A falta de laboratórios para testes de acústica é um gargalo a ser solucionado. Qual é o impacto que essa realidade traz para o setor?
É grande. Temos poucos laboratórios acreditados para fazer os ensaios de acústica, importantes para certificar produtos com qualidade. Mas a norma exige desempenho da obra construída, em campo. Não precisamos de um laboratório físico para ensaiar uma obra. Uma empresa bem equipada e com técnicos bem treinados é capaz de realizar os ensaios em campo. Há no mercado algumas companhias capacitadas para realizar esse serviço. A maioria está sediada no estado de São Paulo, que está bem servido desses profissionais. Para ensaios laboratoriais, temos apenas o IPT [Instituto de Pesquisas Tecnológicas do Estado de São Paulo] e a Concremat, ambos em São Paulo, uma câmara de acústica em Santa Catarina e outra em Santa Maria.
De que maneira o projeto de acústica deve ser tratado em relação aos demais projetos da edificação?

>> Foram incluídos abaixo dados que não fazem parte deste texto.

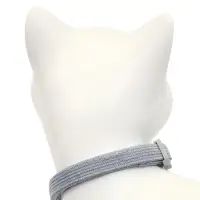 Набор ошейников для кошек, серый, красный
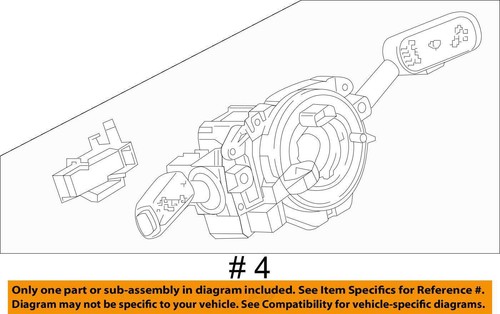 Column Switch Assembly With Lane Keep Assist Fits 19-23 ATLAS 4664965 - Picture 2 of 2
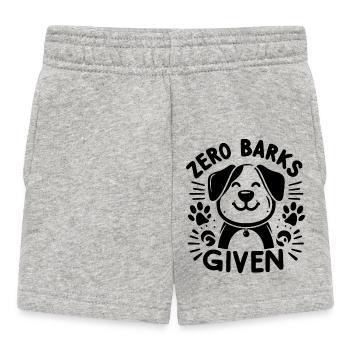 Zéro aboiement donné - Short Bébé - gris chiné - Devant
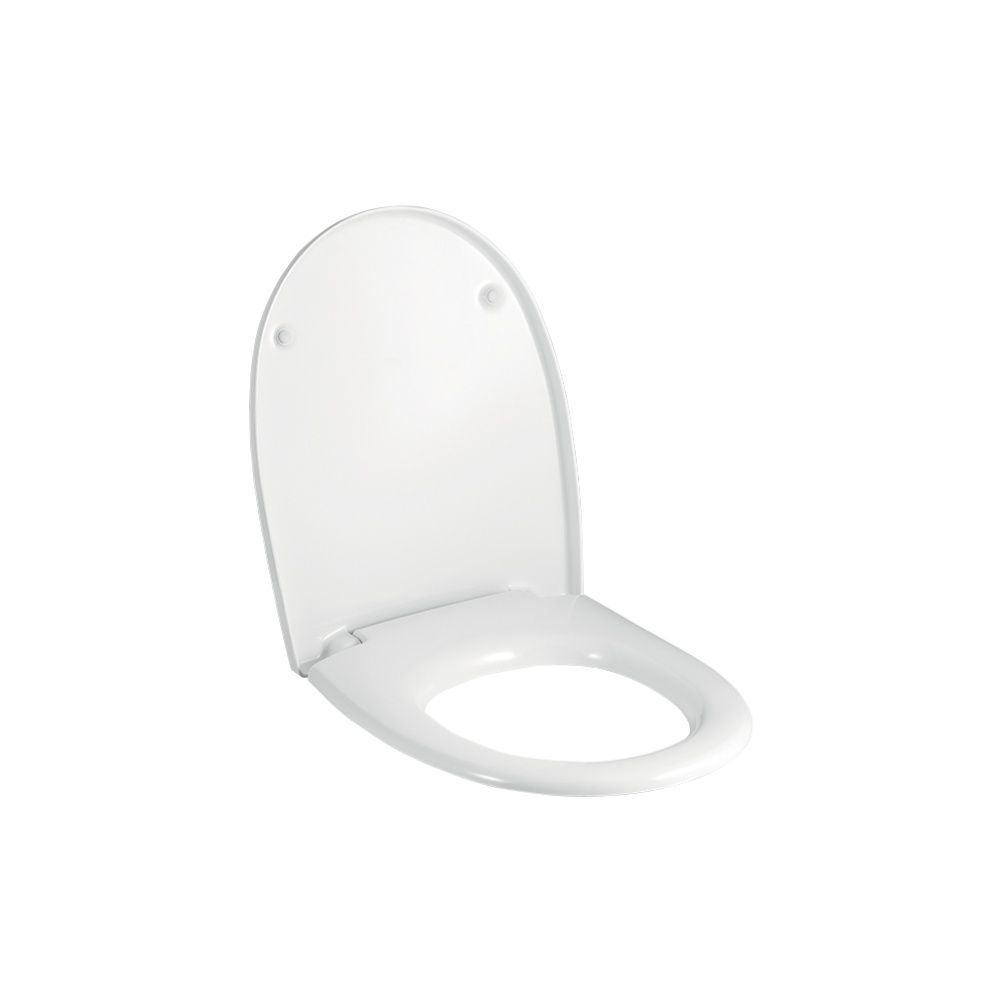 Geberit Felino WC-Sitz mit Absenkautomatik, Befestigung von unten, Weiß/glänzend... GEBERIT-574025000 4022009294644 (Abb. 1)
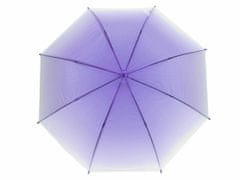 Kraftika 1ks fialová lila dámský / dívčí vystřelovací deštník ombré,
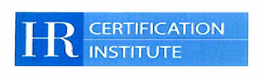 HR CERTIFICATION INSTITUTE trademark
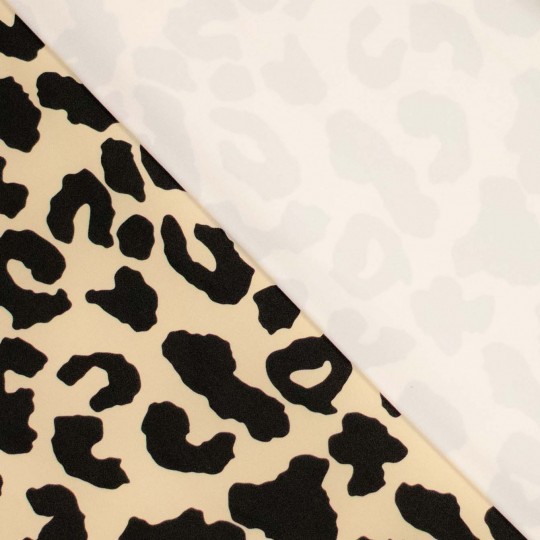 Sport-Elastic Leopard beige/schwarz, 78% PES, 22% El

Ele ganha força e aparece como mais um projeto de um empreendimento. Já existe uma consciência maior dos empreendedores em relação a sua importância. Cabe ao coordenador de projetos fazer a interface com os demais projetos. A acústica deve ser pensada desde a concepção do produto e até mesmo na prospecção do terreno, com a procura por locais de paisagens sonoras mais satisfatórias, que possam atender às exigências acústicas para fachadas. Os profissionais estão sendo chamados para avaliar a classificação acústica do terreno antes mesmo da compra. Dependendo da classe, haverá exigências e níveis de isolamento que afetam o preço do empreendimento. Chamamos isso de sondagem acústica.
Como o que já acontece com os terrenos para verificação das condições do solo?

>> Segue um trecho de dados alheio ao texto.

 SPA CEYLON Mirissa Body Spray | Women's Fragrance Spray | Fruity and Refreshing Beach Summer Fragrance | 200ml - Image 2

Sim, a sondagem acústica do entorno e a classificação do terreno para a equipe de projeto acontecem previamente, orientando a compra e os projetistas. Essa atividade começa a aparecer em função da NBR 15.575.
A NBR 10.151, de avaliação do ruído em áreas habitadas, está em revisão. O que propõe o novo texto?

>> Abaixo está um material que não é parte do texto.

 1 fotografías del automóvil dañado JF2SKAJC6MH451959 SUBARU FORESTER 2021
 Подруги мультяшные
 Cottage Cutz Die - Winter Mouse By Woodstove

Essa norma é voltada para a acústica ambiental e foi elaborada em 2000. Está em processo de revisão desde 2012. Pelo que sei, o texto deve ir para consulta nacional ainda neste ano, mas há contradições. A proposta é fazer uma mudança radical na norma, que hoje é muito compacta e obsoleta e acaba não suprindo a demanda da NBR 15.575. Apesar de nortear toda a legislação a respeito de produção de ruídos, como o Psiu, por exemplo. Cada tipo de área tem um limite de ruído permitido durante o dia e a noite. Mas há um descompasso entre essas definições de áreas e o zoneamento urbano de cada cidade. Também é difícil impor certos níveis máximos conforme as zonas urbanas de uma cidade, que está dentro de uma malha de circulação de fontes sonoras, como avenidas com veículos, mudando o cenário das classificações. O ideal seria aplicar o conceito atual da cartografia sonora, espécie de mapeamento do ruído no ambiente urbano.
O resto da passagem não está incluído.